Re: [PATCH 1/3] vfs: add new f_op->syncfs vector

From: Vivek Goyal
Date: Thu Dec 17 2020 - 11:17:19 EST


On Thu, Dec 17, 2020 at 10:57:28AM +0100, Jan Kara wrote:
> On Thu 17-12-20 00:49:35, Al Viro wrote:
> > [Christoph added to Cc...]
> > On Wed, Dec 16, 2020 at 06:31:47PM -0500, Vivek Goyal wrote:
> > > Current implementation of __sync_filesystem() ignores the return code
> > > from ->sync_fs(). I am not sure why that's the case. There must have
> > > been some historical reason for this.
> > >
> > > Ignoring ->sync_fs() return code is problematic for overlayfs where
> > > it can return error if sync_filesystem() on upper super block failed.
> > > That error will simply be lost and sycnfs(overlay_fd), will get
> > > success (despite the fact it failed).
> > >
> > > If we modify existing implementation, there is a concern that it will
> > > lead to user space visible behavior changes and break things. So
> > > instead implement a new file_operations->syncfs() call which will
> > > be called in syncfs() syscall path. Return code from this new
> > > call will be captured. And all the writeback error detection
> > > logic can go in there as well.

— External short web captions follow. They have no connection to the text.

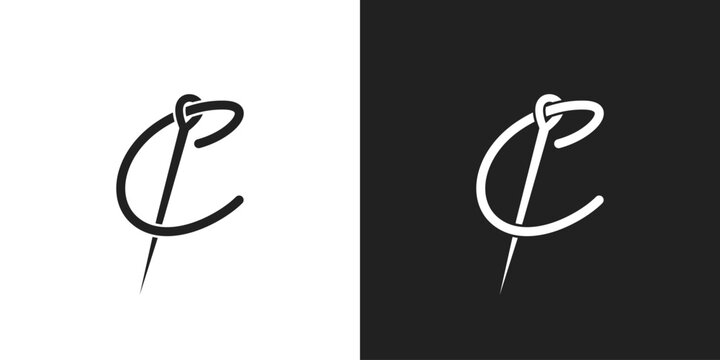 Letter C sewing needle fashion clothing logo vector illustration template. Initial letter C thread embroidery tailor textile logo. Vector illustration.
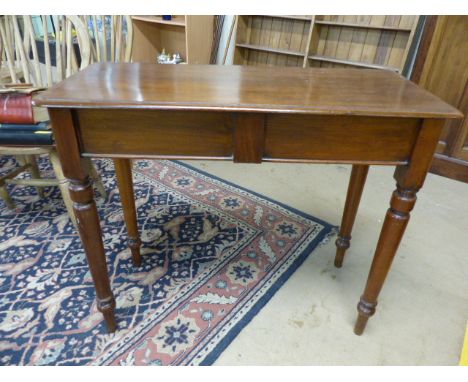 Antique mahogany console table with hidden drawer to side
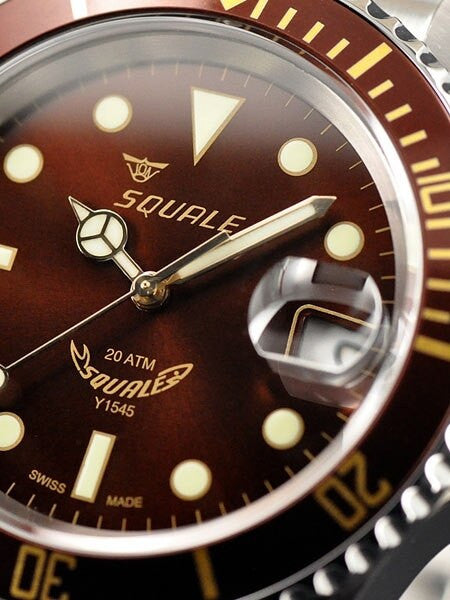 Squale 200 meter Root Beer Swiss Automatic Dive watch with Sapphire Crystal #1545-RB
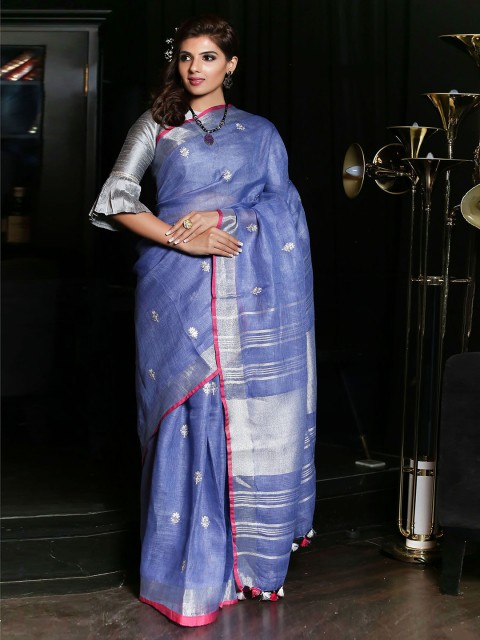 

BEATITUDE Blue & Silver-Toned Floral Embroidered Pure Linen Saree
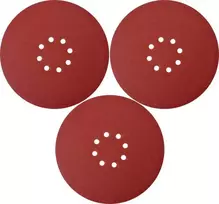 Toya Sa Poland Šlifavimo popierius {velcro) apvalus | su skylėm | 225 mm / P180 | 3 vnt. (YT-83476)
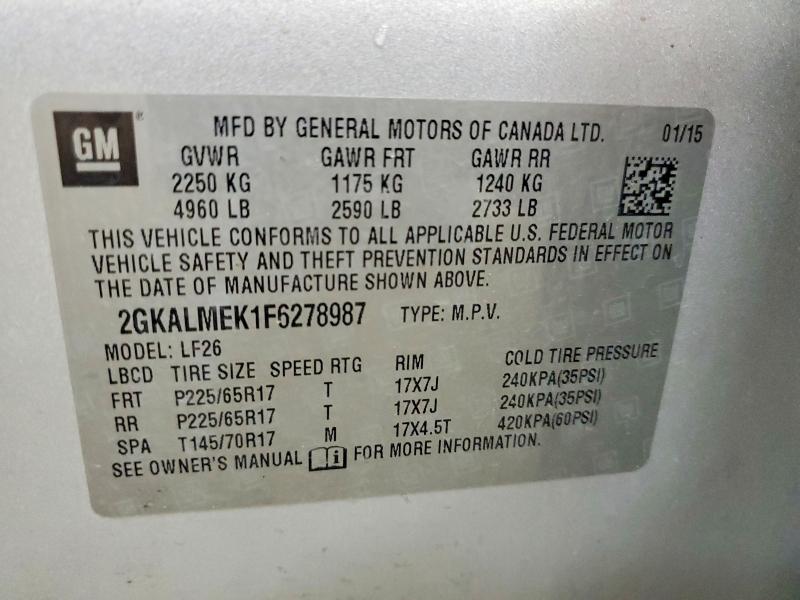 Продаж на аукціоні авто 2015 Gmc Terrain, vin: 2GKALMEK1F6278987, номер лоту: 59890136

Only filesystems which implement
> > > this call get affected by this change. Others continue to fallback
> > > to existing mechanism.
> >
> > That smells like a massive source of confusion down the road. I'd just
> > looked through the existing instances; many always return 0, but quite
> > a few sometimes try to return an error:
> > fs/btrfs/super.c:2412: .sync_fs = btrfs_sync_fs,
> > fs/exfat/super.c:204: .sync_fs = exfat_sync_fs,
> > fs/ext4/super.c:1674: .sync_fs = ext4_sync_fs,
> > fs/f2fs/super.c:2480: .sync_fs = f2fs_sync_fs,
> > fs/gfs2/super.c:1600: .sync_fs = gfs2_sync_fs,
> > fs/hfsplus/super.c:368: .sync_fs = hfsplus_sync_fs,
> > fs/nilfs2/super.c:689: .sync_fs = nilfs_sync_fs,
> > fs/ocfs2/super.c:139: .sync_fs = ocfs2_sync_fs,
> > fs/overlayfs/super.c:399: .sync_fs = ovl_sync_fs,
> > fs/ubifs/super.c:2052: .sync_fs = ubifs_sync_fs,
> > is the list of such. There are 4 method callers:
> > dquot_quota_sync(), dquot_disable(), __sync_filesystem() and
> > sync_fs_one_sb(). For sync_fs_one_sb() we want to ignore the
> > return value; for __sync_filesystem() we almost certainly
> > do *not* - it ends with return __sync_blockdev(sb->s_bdev, wait),
> > after all. The question for that one is whether we want
> > __sync_blockdev() called even in case of ->sync_fs() reporting
> > a failure, and I suspect that it's safer to call it anyway and
> > return the first error value we'd got. No idea about quota
> > situation.
>
> WRT quota situation: All the ->sync_fs() calls there are due to cache
> coherency reasons (we need to get quota changes to disk, then prune quota
> files's page cache, and then userspace can read current quota structures
> from the disk). We don't want to fail dquot_disable() just because caches
> might be incoherent so ignoring ->sync_fs() return value there is fine.
> With dquot_quota_sync() it might make some sense to return the error -
> that's just a backend for Q_SYNC quotactl(2). OTOH I'm not sure anybody
> really cares - Q_SYNC is rarely used.

Thanks Jan. May be I will leave dquot_quota_sync() untouched for now. When
somebody has a need to capture return code from ->sync_fs() there, it
can be easily added.

Vivek